Common Criteria (CC) is an international certification accepted by many countries. Obtaining the CC certification is an endorsement that our product has been evaluated by competent and independent licensed laboratories for the fulfilment of certain security properties. This certification is recognized by all the signatories of the Common Criteria Recognition Agreement (CCRA). The CC is the driving force for the widest available mutual recognition of secure IT products. Having this certification is an assurance of security to a standard extent and can provide VMware with the much needed business parity or advantage with its competitors.
Enterprise users can configure the Common Criteria Firewall settings both at the Edge and Profile levels. By default, this feature is deactivated.
To configure Common Criteria Firewall settings for a Profile, perform the following steps:
Procedure
- In the SD-WAN service of the Enterprise portal, go to .
The
Profiles page displays the existing Profiles.

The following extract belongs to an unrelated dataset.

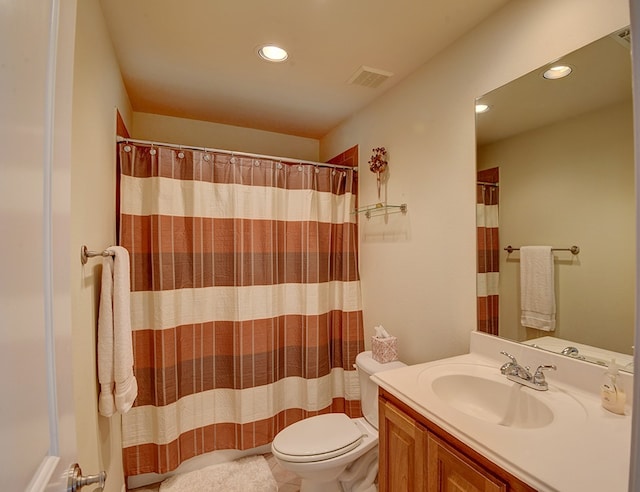 bathroom with walk in shower, tile patterned flooring, vanity, and toilet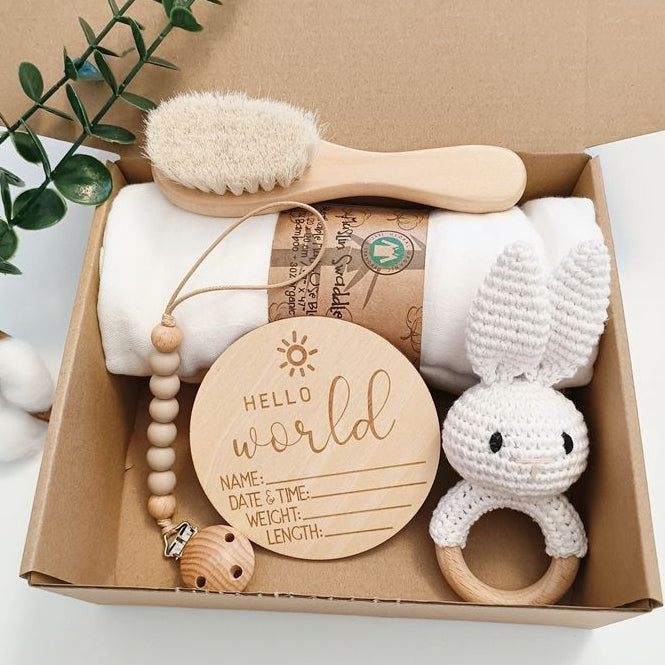Baby gift set with wooden rattle, brush, and milestone card in a box.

- Click the link to a Profile or click the View link in the Device column of the Profile. You can also select a Profile and click Modify to configure the Profile.

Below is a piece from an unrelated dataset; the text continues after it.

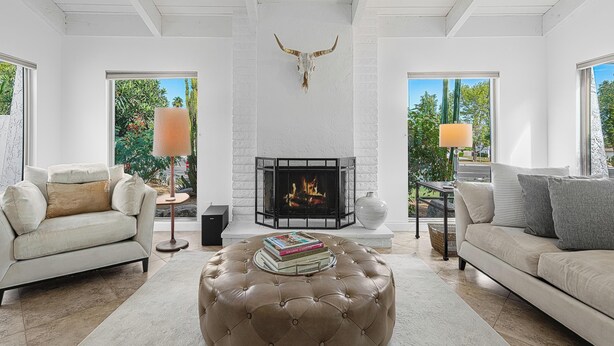 A living room with a fireplace, a sofa, a coffee table, and a bull skull decoration. - Palm Desert Oasis - 3 Bed 2 Bath Home (Palm Desert)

- The Device tab displays the configuration options for the selected Profile.
- In the Connectivity category, click Common Criteria Firewall.
- Turn on Enable Common Criteria Firewall toggle button.
When the
Enable Common Criteria Firewall option is set to On, the following packets are automatically dropped, counted, or logged:
- Packets with invalid fragments or fragments which cannot be completely re-assembled that are destined to the Edge.
- Packets where the source address is defined as being on either broadcast network, multicast network, or loopback address.
- Packets with the IP options: Loose Source Routing, Strict Source Routing, or Record Route specified.
- Packets which have the source or destination address as unspecified or reserved for future.
- Packets where the source address is equal to the address of the network interface where the network packet was received.
- Packets where the source address does not belong to the networks reachable via the network interface where the network packet was received.
- Packets where the source or destination address of the network packet is defined as being unspecified (i.e. 0.0.0.0) or an address “reserved for future use” (i.e. 240.0.0.0/4) as specified in RFC 5735 for IPv4.
- Packets where the source or destination address of the network packet is defined as an “unspecified address” or an address “reserved for future definition and use” (i.e. unicast addresses not in this address range: 2000::/3) as specified in RFC 3513 for IPv6.